▶ RECORDS SHOWN
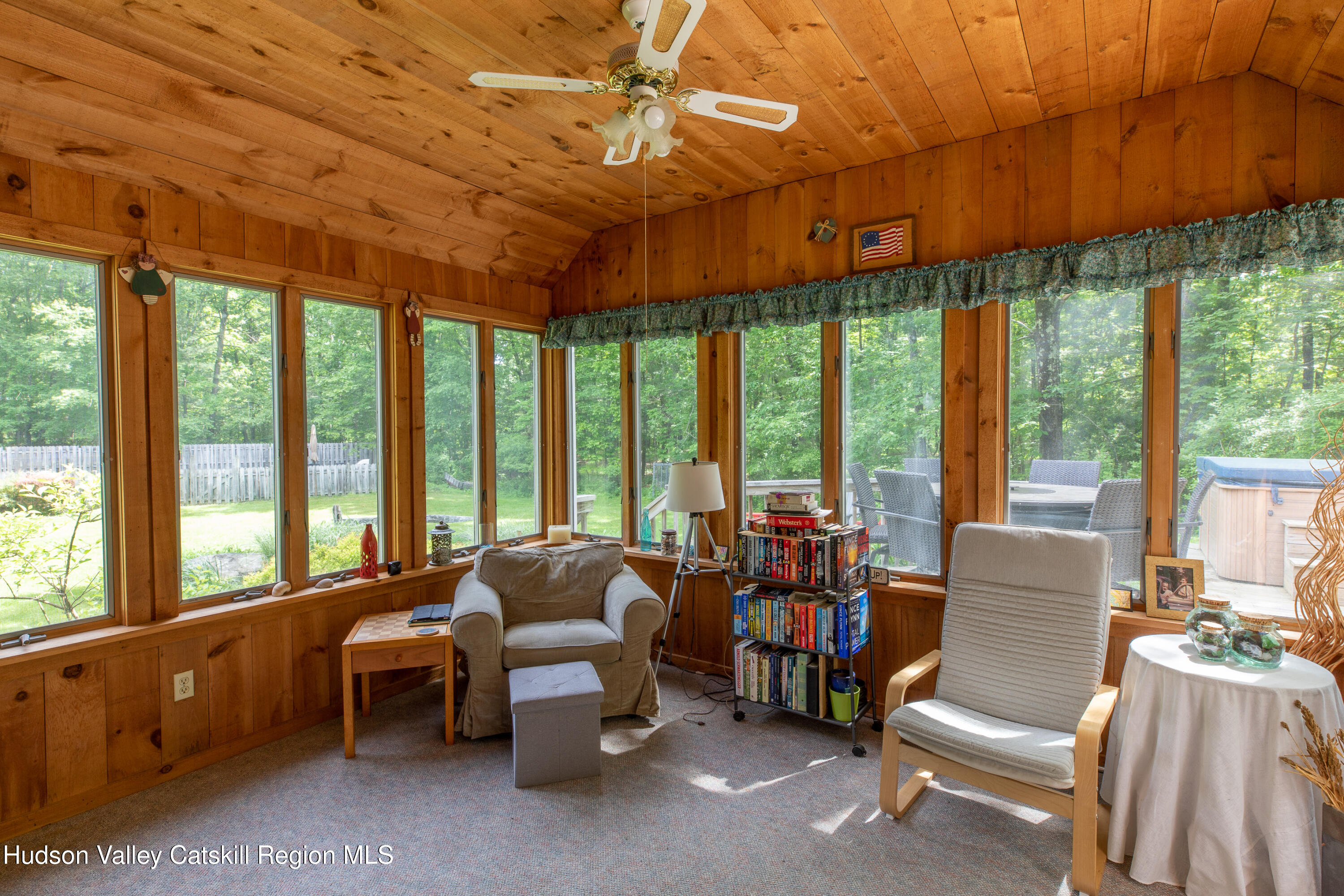 224 Fraleigh Lane, Red Hook, New Mexico image 28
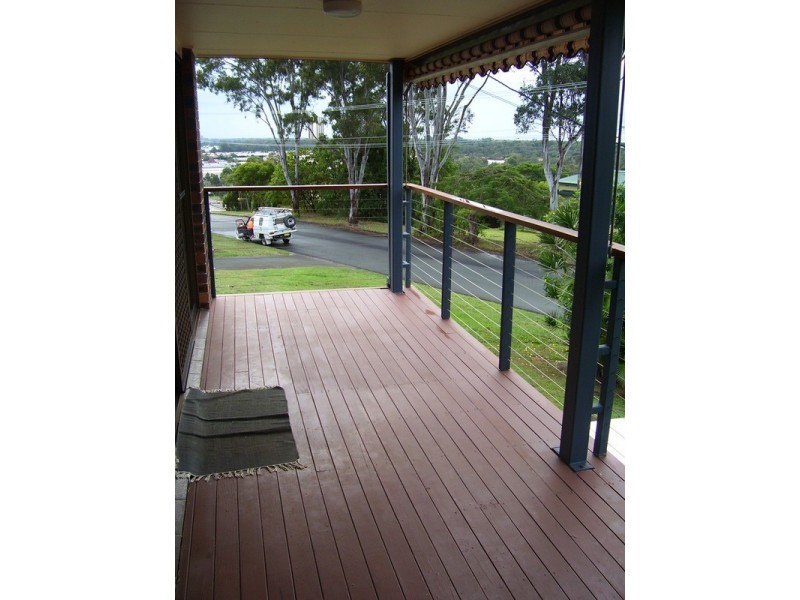 1/11 Pioneer Parade, Banora Point NSW 2486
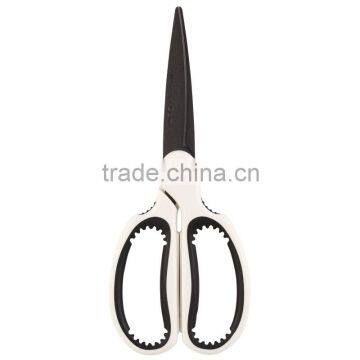 Cheap detachable scissors with CE certificate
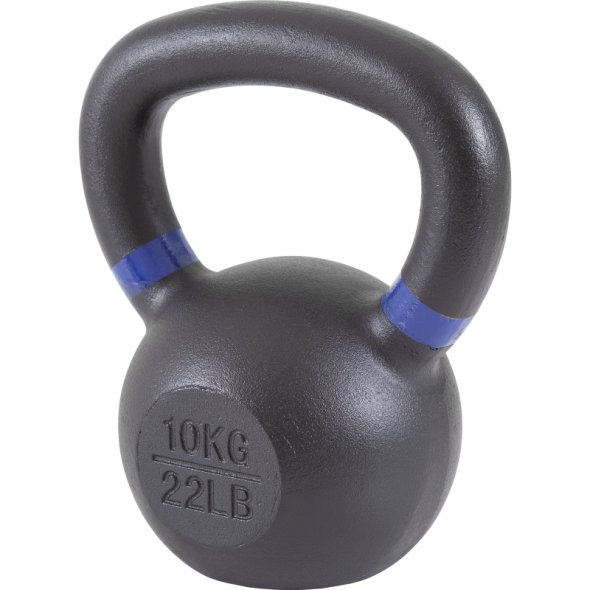 kettlebell-cast-iron-10kg-44683-amila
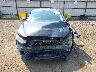 3FA6P0H71GR****** Wrecked 2016 Ford Fusion in Washington State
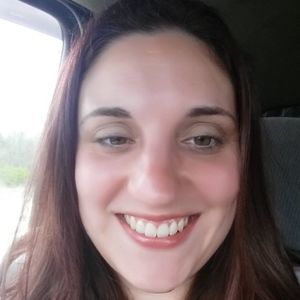 Meet your Posher, Jess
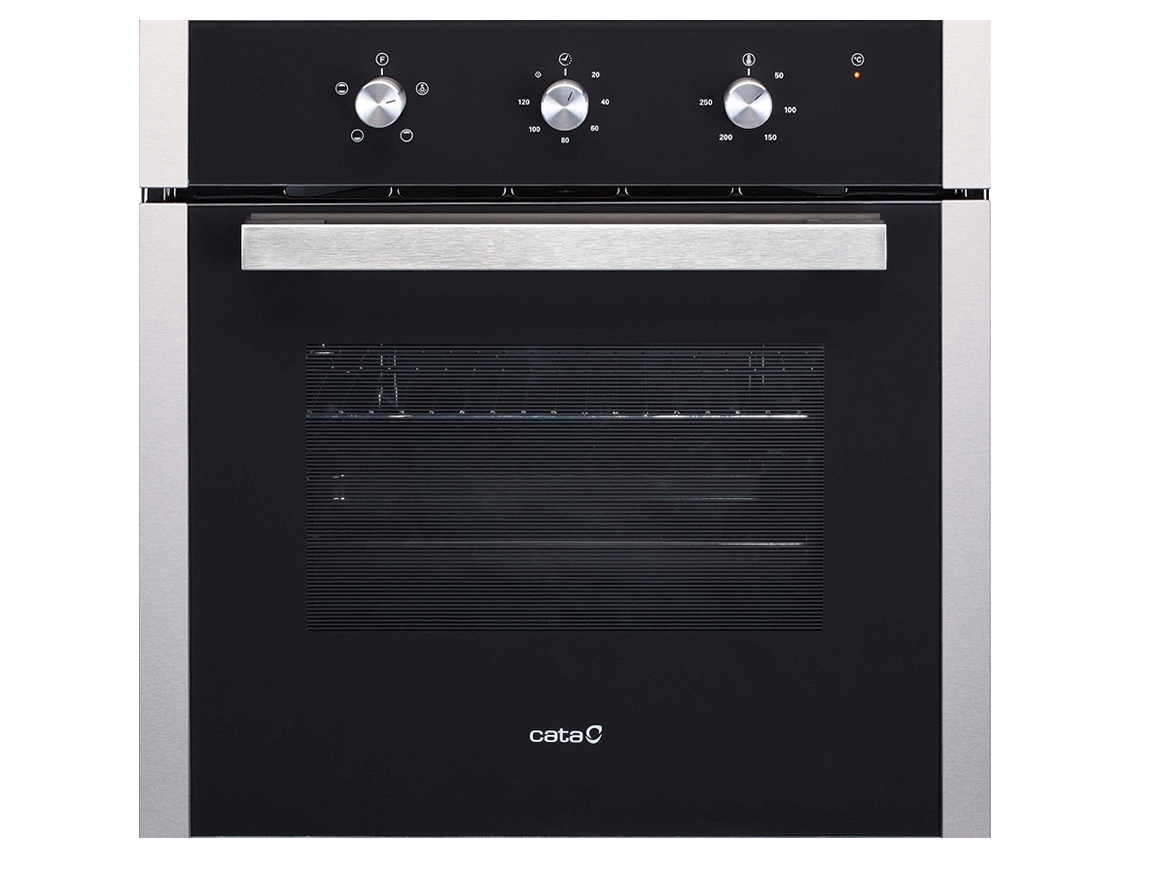 Lò nướng Cata LC 840 BK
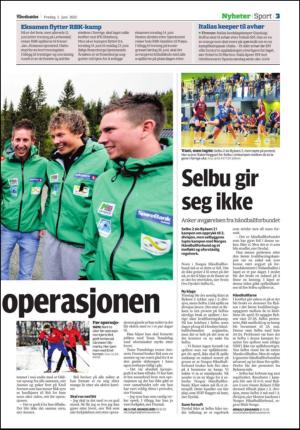adresseavisen_kul-20120601_000_00_00_003.pdf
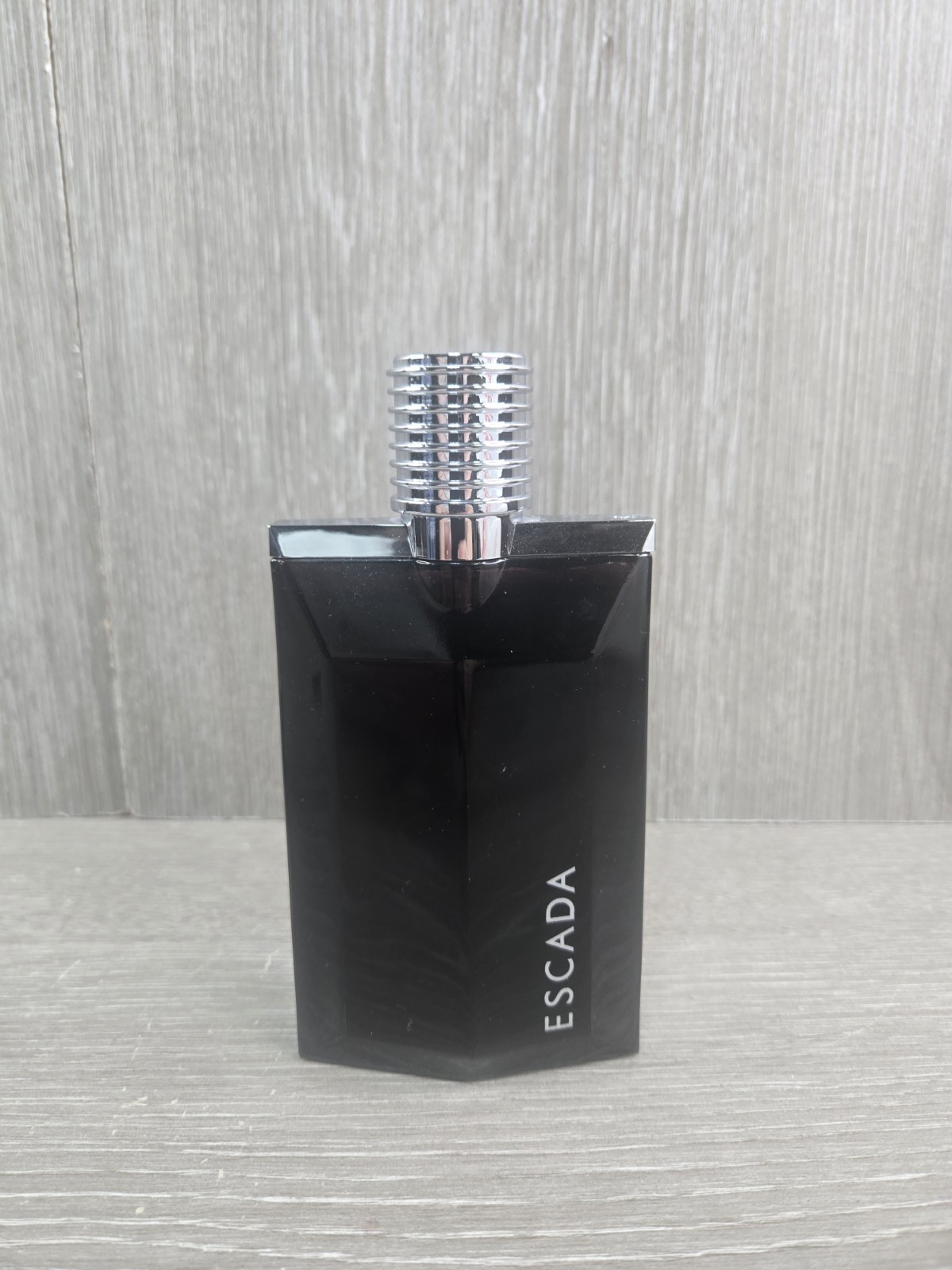Escada MAGNETISM For Men 3.4 oz Eau De Toilette Spray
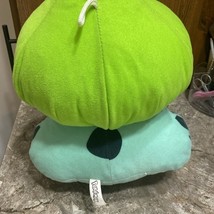 Item image 8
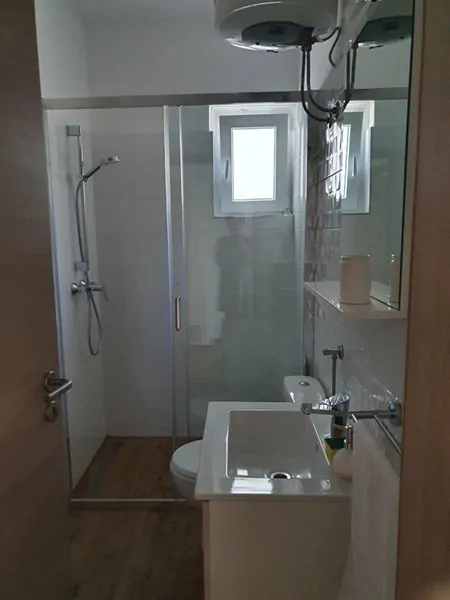 Viktor P 2+2 09 - Kornatica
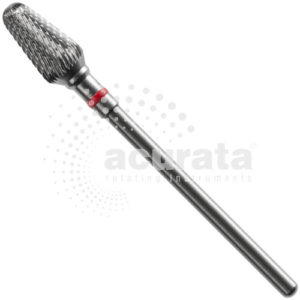 AR-140-06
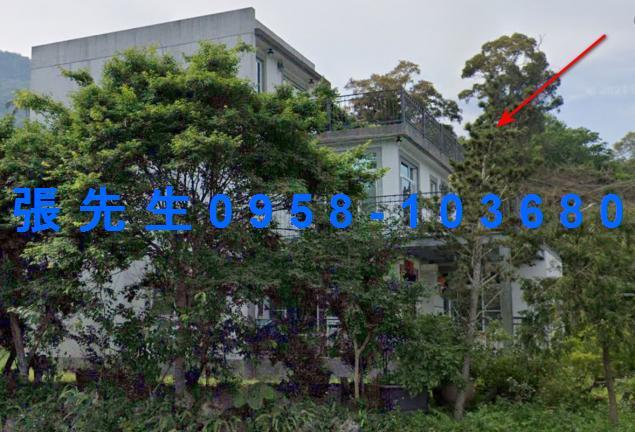 南庄透天拍賣-4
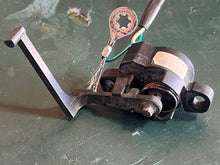 Cargar imagen en el visor de la galería, 250 225 200 hp Johnson Evinrude TILT TRIM SENDING UNIT 342386 0586039 355708 335262 two stroke
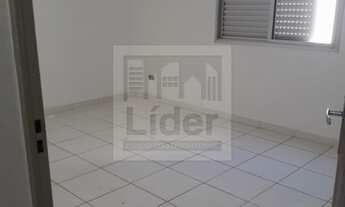 Imagem 6: Apartamento localizado no Residencial Jardim Flórida, JACARÉI SP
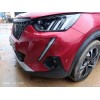 Recambio de paragolpes delantero para peugeot 2008 (p1) gt line referencia OEM IAM 983851651T  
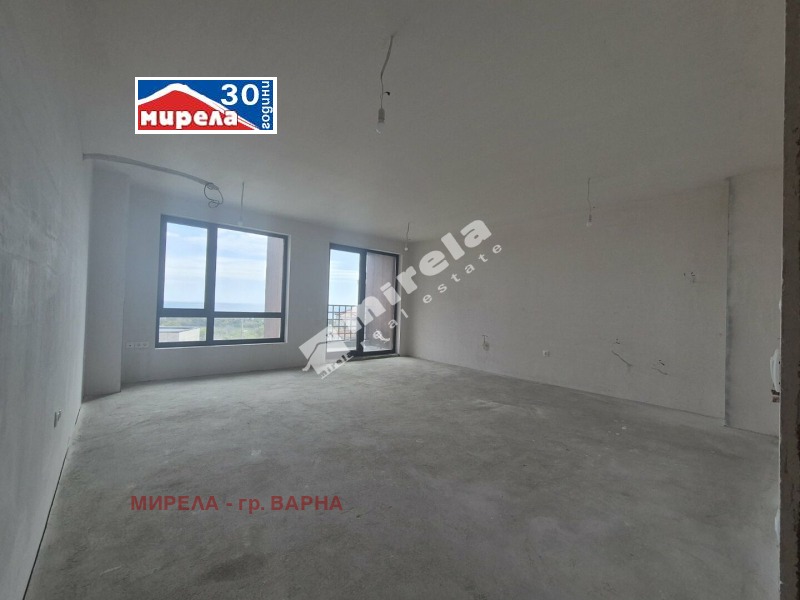In vendita  2 camere da letto Varna , k.k. Sv.Sv. Konstantin i Elena , 148 mq | 46770630 - Immagine [2]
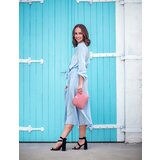 Vuch Cara Mini Pink Handbag | shoptok.hr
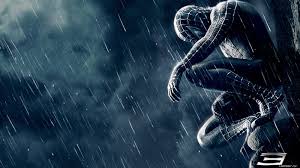 Hollywood Movie Wallpapers Hd Group 70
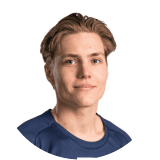 Daniel Heikkinen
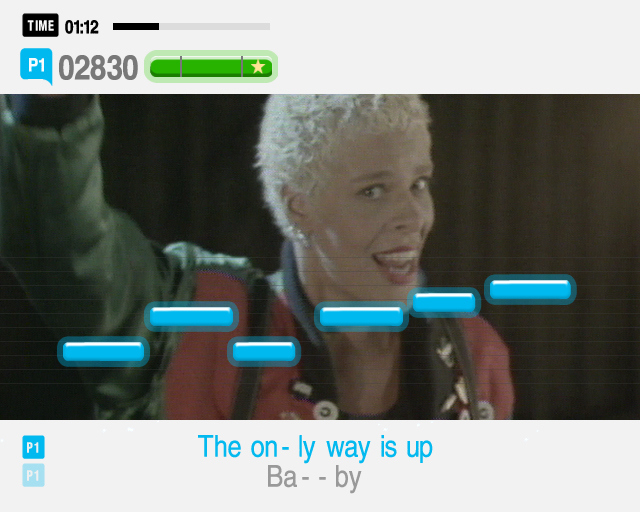 SingStar Summer annoncé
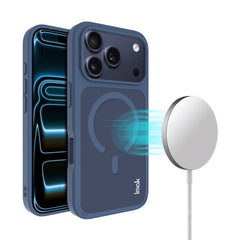 Funda magnética antigolpes para teléfono de ...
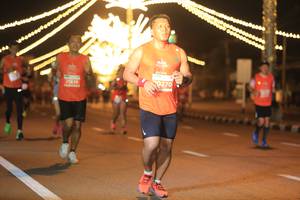 BIB: 21616, 270
                            <button type="button" onclick="openModal(15672254)" class="btn btn-primary btn-sm float-right btn-popup" data-toggle="modal" data-target=".modal-high-quality">
                        <i class="fas fa-shopping-cart"></i> Add to Cart
                    </button>
                                            <button type="button" onclick="isThisMe(15672254, true)" class="btn btn-success btn-sm float-right btn-popup btn-isme hidden" data-toggle="tooltip" data-placement="bottom" title="นี่คือรูปของคุณใช่ไหม คลิกที่นี่เพื่อเอาเข้าอัลบั้ม">
                        <i class="fas fa-plus"></i> Add to album
                    </button>
                    <button type="button" onclick="isThisMe(15672254, false)" class="btn btn-warning btn-sm float-right btn-popup btn-isnotme hidden">
                        <i class="fas fa-ban"></i> Remove from album
                    </button>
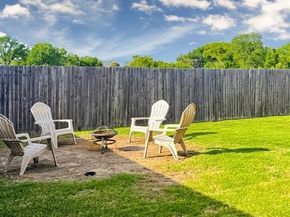 329  Wolf Mountain Lane , Fort Worth Texas 76140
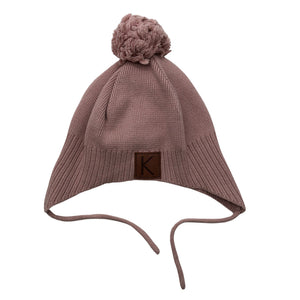 Unisex Kuling - Hattu, koko 46 - 48 cm -  (1)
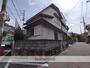 信貴山口駅より徒歩3分 1階 築48年8ヶ月の賃貸物件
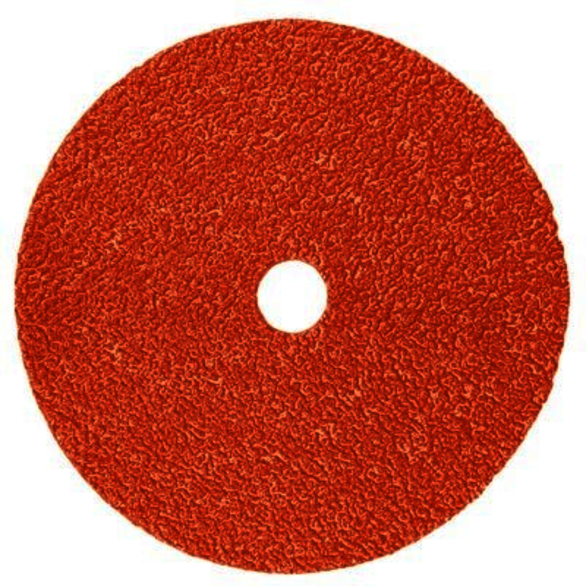 Image for 3M 07630889655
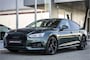 Audi A5 Sportback 3.0 TDI Pro Line Plus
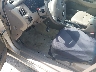 1HGCG1659YA****** Salvamento 2000 Honda Accord en Estado de Texas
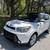 2016 Kia Soul 5dr Wgn Auto + 2 thumbnail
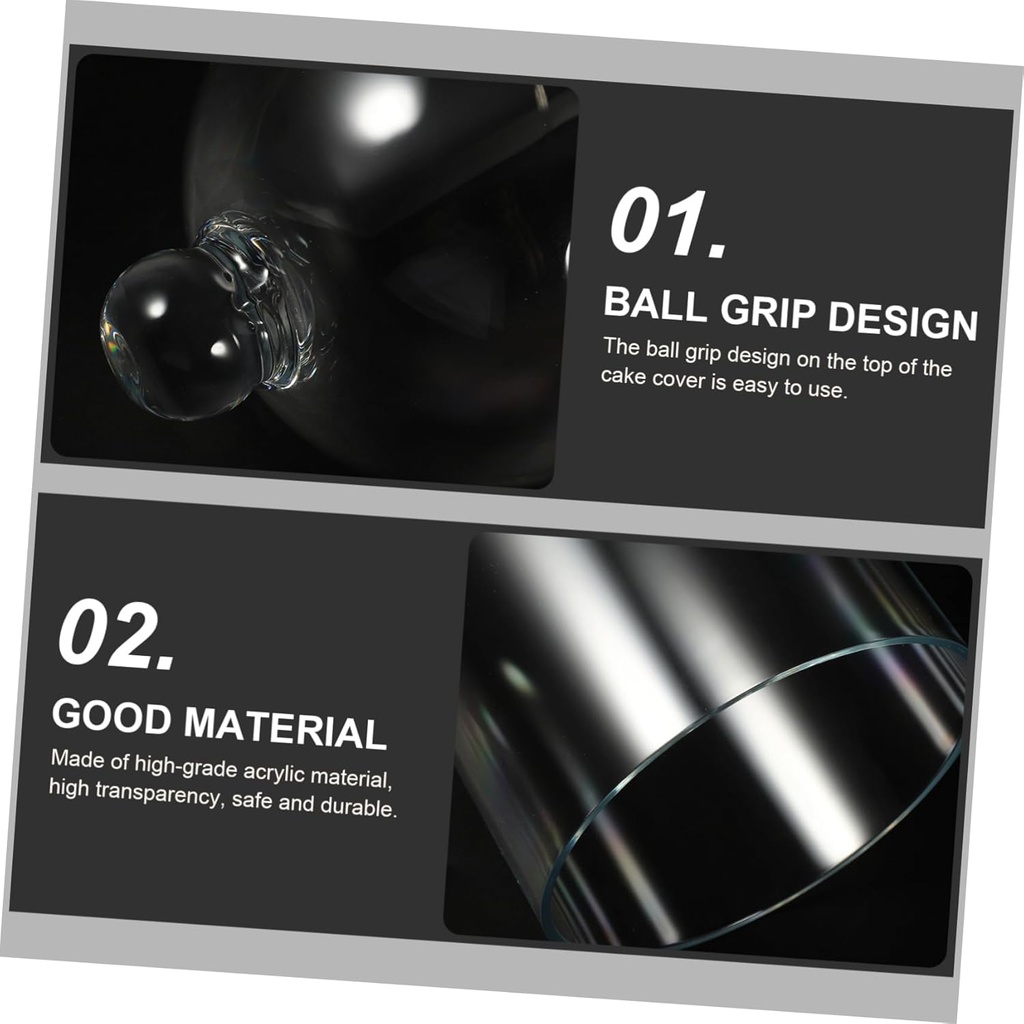 alipis-cake-dome-cover-12-acrylic-cake-p-3.jpg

▶ WORK ORDER
Copy out every line above, word for word, minus images.

▶ THE COMPLETED TASK
 224 Fraleigh Lane, Red Hook, New Mexico image 28
 1/11 Pioneer Parade, Banora Point NSW 2486
 Cheap detachable scissors with CE certificate
 kettlebell-cast-iron-10kg-44683-amila
 3FA6P0H71GR****** Wrecked 2016 Ford Fusion in Washington State
 Meet your Posher, Jess
 Lò nướng Cata LC 840 BK
adresseavisen_kul-20120601_000_00_00_003.pdf
Escada MAGNETISM For Men 3.4 oz Eau De Toilette Spray
 Item image 8
 Viktor P 2+2 09 - Kornatica
 AR-140-06
 南庄透天拍賣-4
 Cargar imagen en el visor de la galería, 250 225 200 hp Johnson Evinrude TILT TRIM SENDING UNIT 342386 0586039 355708 335262 two stroke
 Imagem 6: Apartamento localizado no Residencial Jardim Flórida, JACARÉI SP
 Recambio de paragolpes delantero para peugeot 2008 (p1) gt line referencia OEM IAM 983851651T  
In vendita  2 camere da letto Varna , k.k. Sv.Sv. Konstantin i Elena , 148 mq | 46770630 - Immagine [2]
 Vuch Cara Mini Pink Handbag | shoptok.hr
 Hollywood Movie Wallpapers Hd Group 70
 Daniel Heikkinen
 SingStar Summer annoncé
 Funda magnética antigolpes para teléfono de ...
 BIB: 21616, 270
                            <button type="button" onclick="openModal(15672254)" class="btn btn-primary btn-sm float-right btn-popup" data-toggle="modal" data-target=".modal-high-quality">
                        <i class="fas fa-shopping-cart"></i> Add to Cart
                    </button>
                                            <button type="button" onclick="isThisMe(15672254, true)" class="btn btn-success btn-sm float-right btn-popup btn-isme hidden" data-toggle="tooltip" data-placement="bottom" title="นี่คือรูปของคุณใช่ไหม คลิกที่นี่เพื่อเอาเข้าอัลบั้ม">
                        <i class="fas fa-plus"></i> Add to album
                    </button>
                    <button type="button" onclick="isThisMe(15672254, false)" class="btn btn-warning btn-sm float-right btn-popup btn-isnotme hidden">
                        <i class="fas fa-ban"></i> Remove from album
                    </button>
 329  Wolf Mountain Lane , Fort Worth Texas 76140
 Unisex Kuling - Hattu, koko 46 - 48 cm -  (1)
 信貴山口駅より徒歩3分 1階 築48年8ヶ月の賃貸物件
 Image for 3M 07630889655
 Audi A5 Sportback 3.0 TDI Pro Line Plus
 1HGCG1659YA****** Salvamento 2000 Honda Accord en Estado de Texas
 2016 Kia Soul 5dr Wgn Auto + 2 thumbnail
 alipis-cake-dome-cover-12-acrylic-cake-p-3.jpg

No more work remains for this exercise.